Looks like it's gonna be great! I really like the rock setup.

Kind of a noob question, but what kind of paint do you use to paint the back of the tank? Up until now I've always used the reverse side of backgrounds haha.


----------



## PhiShY92 (Mar 2, 2008)

Thank you!
I used to do that as well, but you can use spray paint. It's Krylon spray paint made to bond with plastic but works well on glass as well.


----------



## diablostr (Sep 26, 2007)

Nice start but dont use excel with shrimps.


----------



## dekstr (Oct 23, 2007)

diablostr said:


> Nice start but dont use excel with shrimps.


I think if you read around on the different threads here many people have had experiences dosing excel w/ shrimp in the tanks with the shrimp being perfectly fine.

I did double excel dosage for a week and my RCS and amanos were perfectly fine AFAIK.


----------



## Choco (Dec 8, 2007)

dekstr said:


> I think if you read around on the different threads here many people have had experiences dosing excel w/ shrimp in the tanks with the shrimp being perfectly fine.
> 
> I did double excel dosage for a week and my RCS and amanos were perfectly fine AFAIK.


+1
I just started dosing excel on a shrimp (CRS & RCS) tank for 2 weeks and they are all fine.


----------



## trev (Mar 2, 2008)

cool, im running the same size tank, cant wait for updates.


----------



## PhiShY92 (Mar 2, 2008)

Thanks for all the pointers, constructive criticism, and compliments! Trev you'll have to keep me updated on your tank


----------



## PhiShY92 (Mar 2, 2008)

Well today I was considering taking off the top rim.
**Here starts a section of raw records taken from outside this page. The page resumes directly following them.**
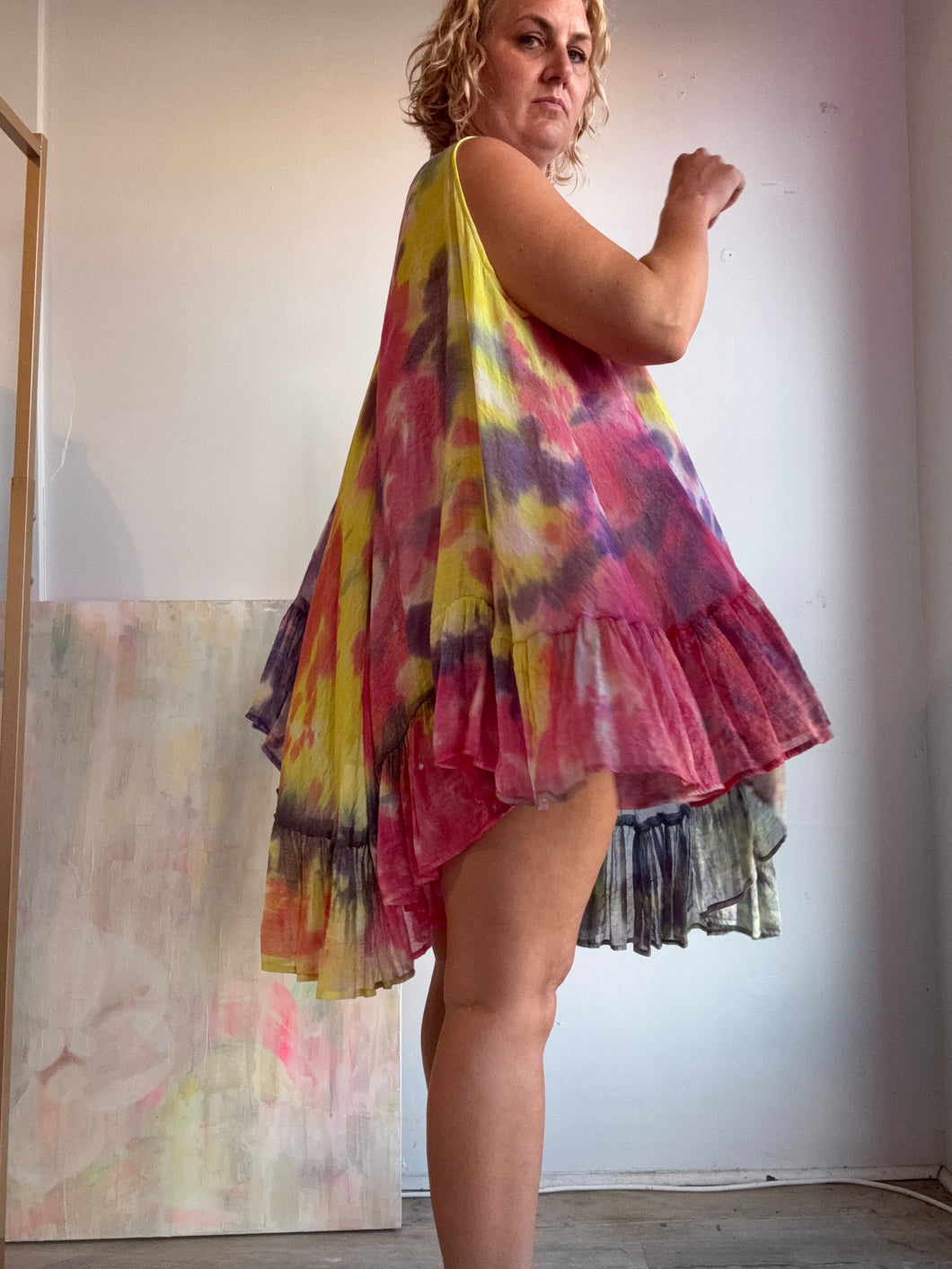 Tie dyed circle ruffle short dress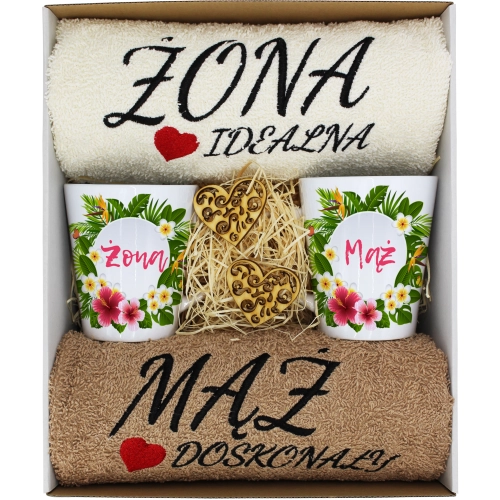 PREZENT ŚLUB ŻONA MĄŻ ROCZNICA RĘCZNIKI KUBKI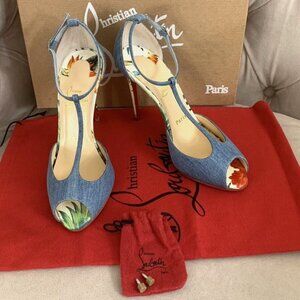 Christian Louboutin Women Senora 4" Denim Hawaii Peep Toe Pumps Sz 36.5 Blue NIB
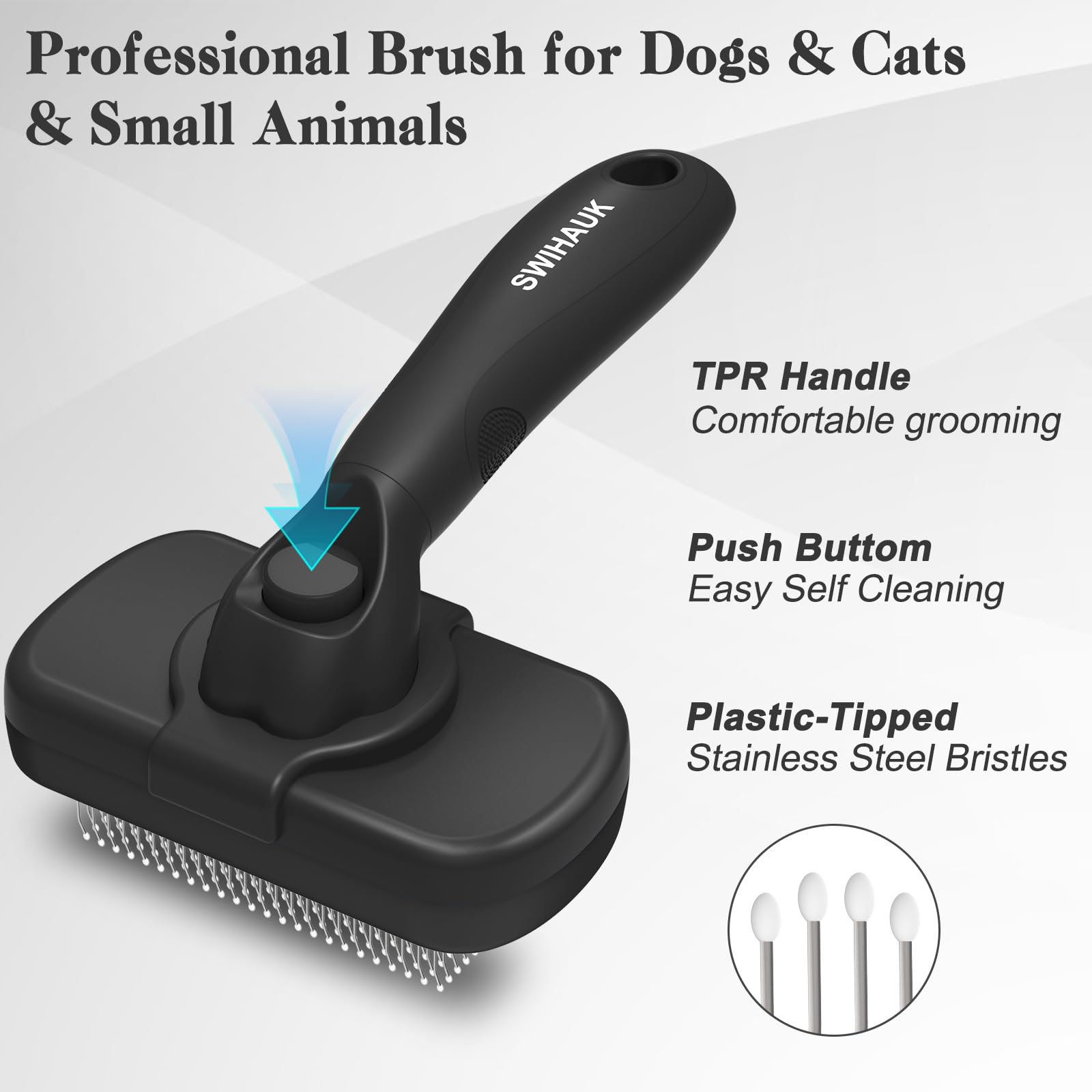 Swihauk Self Cleaning Slicker Brush for Dogs & Cats - Skin Friendly Deshedding and Grooming Brush for Haired Pets, Pet Supplies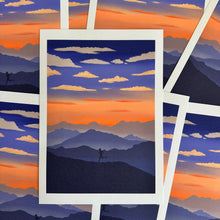 Mountain trail runner male runner art print 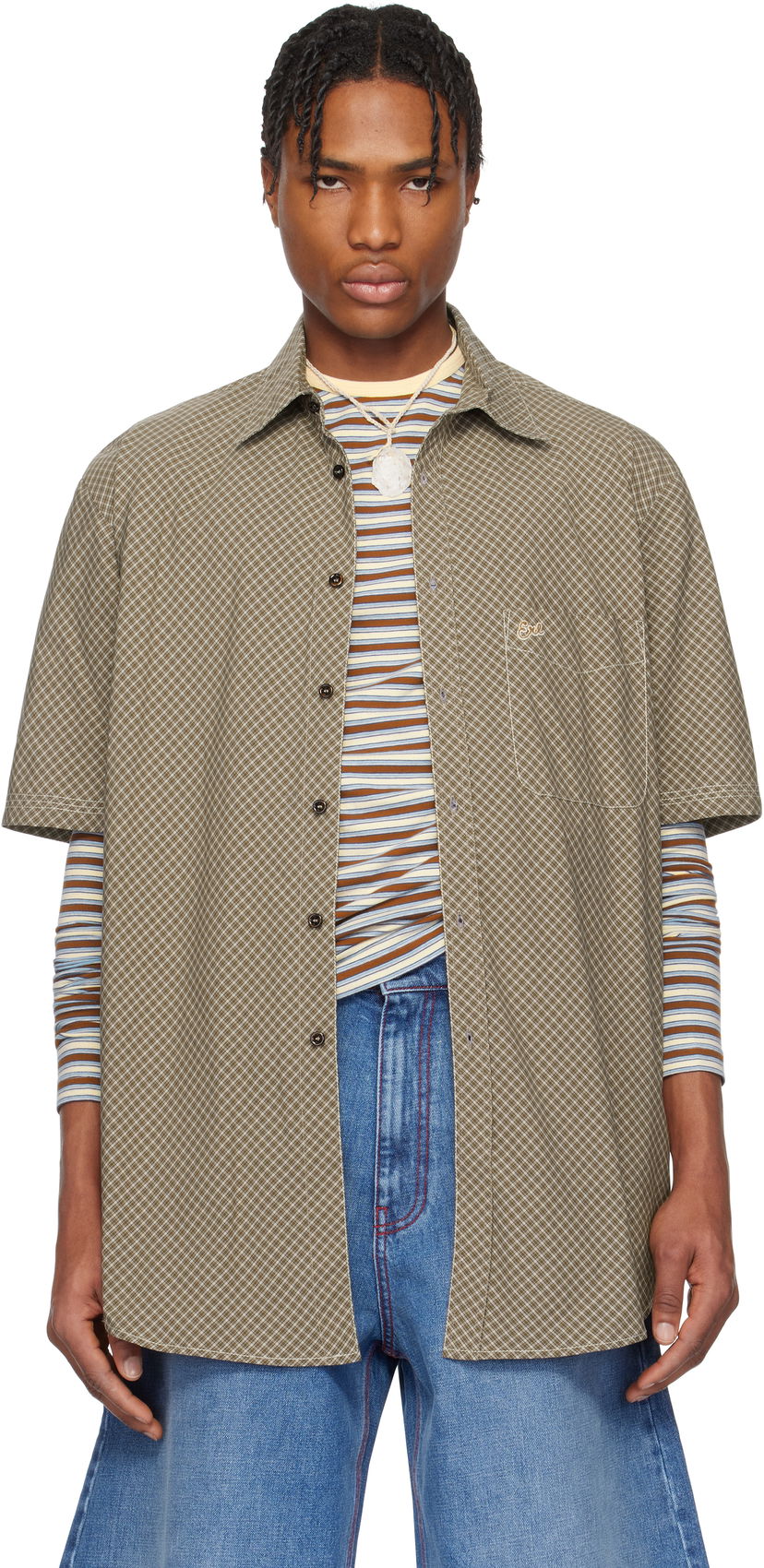 Košulja ERL ERL Mini Plaid Short Sleeve Shirt Zelena | ERL10B011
That way I can fill this thing to the top sor a more slek look and better viewing. What do you guys think??


----------



## OhNo123 (Jan 8, 2008)

I would suggest NOT taking off the rim though it will definately look better without one. Taking off the rim is a pain and you have a very high chance of breaking the glass (rim is siliconed to the glass) while taking it off. Plus, I wouldn't take a rim off a tank over 2.5g since 5.5 is a lot of weight resting on glass that does not have any upper support. Keep in mind that each gallon is roughly 8 pounds so 5.5g is about 44 lbs. Then you have the substrate and filter adding additional weight. 

Thats just my opinion though, but do what you want.  If it works out, it will be pretty cool.


----------



## PhiShY92 (Mar 2, 2008)

Yes that is all true this is a very logical way of putting it. I guess it is a risk, but it has been done


----------



## MARIMOBALL (Mar 18, 2007)

Ive done it on a 10 gallon with no problem Im also gonna remove the rim of of a 10inch cube, just fill it before adding anything to make sure its water tight.


----------



## sadielmorris (Oct 3, 2007)

I also use excel with shrimp and have had absolutely no problems. 

Instead of rummy's or cardinals, consider neons. I find the rummy's that we have in out 75 gallon are very active and need a lot of space. I think they'd be cramped in a 5.5. 

In my 5.5 I've had guppies, neons, platys, otos, corys and now, a lone betta.


----------



## PhiShY92 (Mar 2, 2008)

Well I took off the rim today. It took 3 hours  But it worked! I filled it twice just to make sure it was water tight. I'll post some pictures later once it's up and running (as soon as my substrate comes).


----------



## thief (Jan 12, 2008)

I hope to see what the tank looks like with the zebra rocks! Also just to add I am part of the shrimp community and anted to add that dosing excel does in fact take a toll on your shrimp. Of course there are many other variables but it does effect them and slowly depletes there life time. It may not kill them at once but over time they will sooner or later die.


----------



## dekstr (Oct 23, 2007)

Taking off the rim of an aquarium is at your own risk for sure. Warranty is void the moment you tamper with the aquarium

However, that didn't deter me from trying to take off the top rims on my 2.5g and 5.5g.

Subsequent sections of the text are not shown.